Sang Santo yang Terbunuh di Aceh
CATATAN RINGAN T. TAUFIQULHADI
Portugis berhasil menaklukkan Malaka pada 1511, dan dengan jatuhnya Malaka, Portugis segera menjadi penguasa Selat Malaka yang sibuk itu, yang sebelumnya dikuasai Kerajaan Pasai dan Pidir (Pidie) di Aceh. Maka dengan demikian, selain harus berhadapan dengan penguasa-penguasa laut Nusantara yang tangguh seperti Aceh, Johor dan Banten, Portugis harus menghadapi Belanda dan Inggris dengan sengitnya. Prancis, tidak dipandang sebagai kekuatan yang serius saat itu. Mereka hanya hadir dengan armada-armada kecil dan berdagang secara normal saja. Dengan demikian, pedagang Prancis biasanya disambut lebih ramah oleh kerajaan-kerajaan pantai utara saat.
Sikap ramah itu bisa saja karena Prancis dianggap tidak berbahaya karena raja “kerajaan kecil” ini tunduk kepada raja Inggris. Itulah yang terjadi dalam kasus Ausgustin de Beaulieu, penjelajah dan laksamana Prancis terkemuka, ketika bertemu penguasa Aceh, Sultan Iskandar Muda, pada akhir Januari 1621. Ketika berbicara tentang kehebatan dan besarnya kerajaan Prancis, sultan Aceh itu tersenyum-tersenyum saja.
Perlu diingat, hampir semua pelaut Eropa atau “pencari daerah baru” pada abad tersebut berpenampilan sangat mengenaskan. Selain sangat dekil dan berbau busuk, rata-rata mereka tidak terdidik. Satu-satunya yang dapat dipuji adalah semangat mereka yang menggelora untuk mencari “daerah baru” dan uang yang dijanjikan raja-raja mereka. Hanya meski tidak bisa menulis, makhluk-makhluk dekil ini tetap sangat militan menyebut semua orang lain di luar Eropa itu sebagai manusia biadab.

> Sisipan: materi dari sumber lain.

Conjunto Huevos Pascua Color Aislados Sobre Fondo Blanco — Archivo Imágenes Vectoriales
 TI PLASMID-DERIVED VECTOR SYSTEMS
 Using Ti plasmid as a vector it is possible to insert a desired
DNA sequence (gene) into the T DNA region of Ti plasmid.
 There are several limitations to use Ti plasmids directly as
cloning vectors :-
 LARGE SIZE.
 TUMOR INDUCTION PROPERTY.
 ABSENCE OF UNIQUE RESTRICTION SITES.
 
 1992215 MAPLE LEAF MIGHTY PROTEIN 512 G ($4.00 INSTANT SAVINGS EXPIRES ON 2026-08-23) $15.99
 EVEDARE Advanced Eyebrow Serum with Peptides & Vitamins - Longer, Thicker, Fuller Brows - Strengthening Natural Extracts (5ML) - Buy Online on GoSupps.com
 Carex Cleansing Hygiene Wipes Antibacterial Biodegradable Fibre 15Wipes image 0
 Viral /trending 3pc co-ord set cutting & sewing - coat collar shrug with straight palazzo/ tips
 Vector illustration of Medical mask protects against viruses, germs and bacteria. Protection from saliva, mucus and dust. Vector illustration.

Beaulieu sebenarnya tak jauh bedanya. Ketika tiba di Aceh, warga di sana melihat sejumlah orang berkulit putih dengan pakaian kusut-masai dan gigi kropos hendak bertemu sultan mereka. Karena mengklaim datang atas nama rajanya dan ingin mengunjungi sultan untuk menyampaikan salam dan hadiah raja Prancis, ia diterima. Tapi sultan memberi syarat, ia hanya berkenan menerima orang-orang yang rapi dan tidak bau.